Daarom stelt zij verweerder met toepassing van artikel 8:51a, eerste lid, van de Awb in de gelegenheid het onder 7.7. geconstateerde gebrek aan het bestreden besluit te herstellen door dit alsnog nader te motiveren dan wel door een nieuw besluit op het bezwaar te nemen. De rechtbank bepaalt de termijn waarbinnen het gebrek door verweerder hersteld kan worden op twaalf weken, te rekenen vanaf de dag van verzending van deze uitspraak. Bij het stellen van deze termijn heeft de rechtbank rekening gehouden met de tijd die is gemoeid met het zich (desgewenst) door verweerder nader verstaan met Bureau Bibob.
De rechtbank stelt eiser in de gelegenheid om binnen vier weken nadat verweerder het gebrek heeft hersteld, schriftelijk zijn zienswijze over de wijze waarop het gebrek is hersteld, naar voren te brengen.
Indien verweerder geen gebruik maakt van de mogelijkheid het gebrek in het bestreden besluit te herstellen, dient hij dit zo snel mogelijk aan de rechtbank mee te delen.
ROT 14/806
9.1.
Aan bestreden besluit II heeft verweerder ten grondslag gelegd dat eiser de exploitatie van de coffeeshop exploiteert zonder geldige vergunning omdat deze bij primair besluit I is ingetrokken en bij een controle op zaterdag 20 juli 2013 is gebleken dat eiser de exploitatie niet heeft gestaakt. Eiser handelt daardoor in strijd met artikel 2:28, eerste lid, van de APV en artikel 13b van de Opiumwet.
9.2.
De rechtbank ziet aanleiding de behandeling van het beroep in ROT 14/806 aan te houden totdat op het beroep in ROT 14/807 zal zijn beslist.
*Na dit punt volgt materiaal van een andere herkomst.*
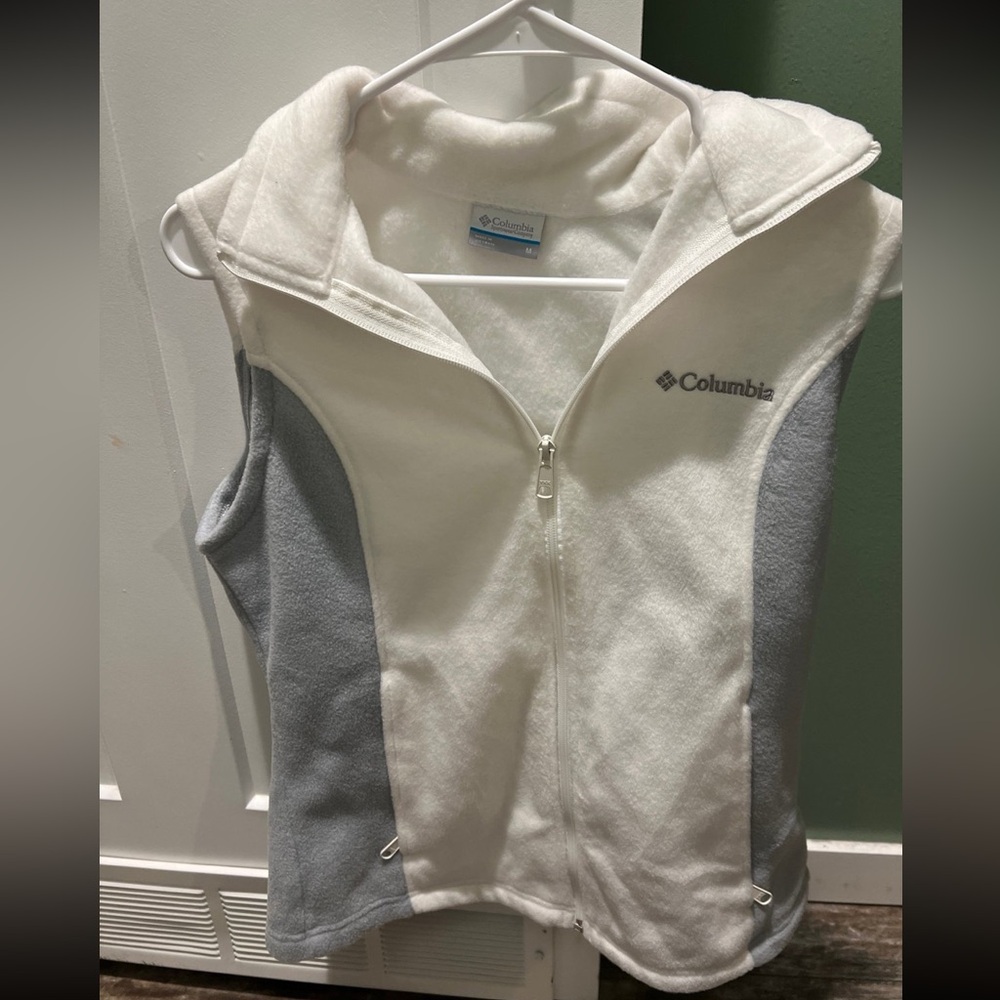 Womens Columbia Vest size medium white and gray.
De rechtbank is van oordeel dat het beroep in ROT 14/806 een dusdanige samenhang vertoont met het beroep in
ROT 14/807 dat het om proceseconomische redenen niet doelmatig is om hierin reeds te beslissen.
9.3.
De rechtbank houdt iedere verdere beslissing in beide beroepen aan tot de einduitspraak op de beroepen. Dat laatste betekent ook dat zij nu over de proceskosten en het griffierecht nog geen beslissing neemt.

Beslissing

De rechtbank:
  • stelt verweerder in de gelegenheid om binnen twaalf weken na verzending van deze tussenuitspraak en met inachtneming van hetgeen in deze uitspraak is overwogen het door de rechtbank geconstateerde gebrek aan bestreden besluit I te herstellen;
  • houdt iedere verdere beslissing aan.
Deze uitspraak is gedaan door mr. D. Brugman, rechter, in aanwezigheid van mr. H.C. de Wit-Mulder, griffier. De beslissing is in het openbaar uitgesproken op 20 april 2015.
griffier voorzitter
Afschrift verzonden aan partijen op:

Rechtsmiddel

Tegen deze tussenuitspraak is nog geen hoger beroep mogelijk. Tegen deze tussenuitspraak kan tegelijkertijd met het eventuele hoger beroep tegen de uiteindelijk te wijzen uitspraak hoger beroep worden ingesteld.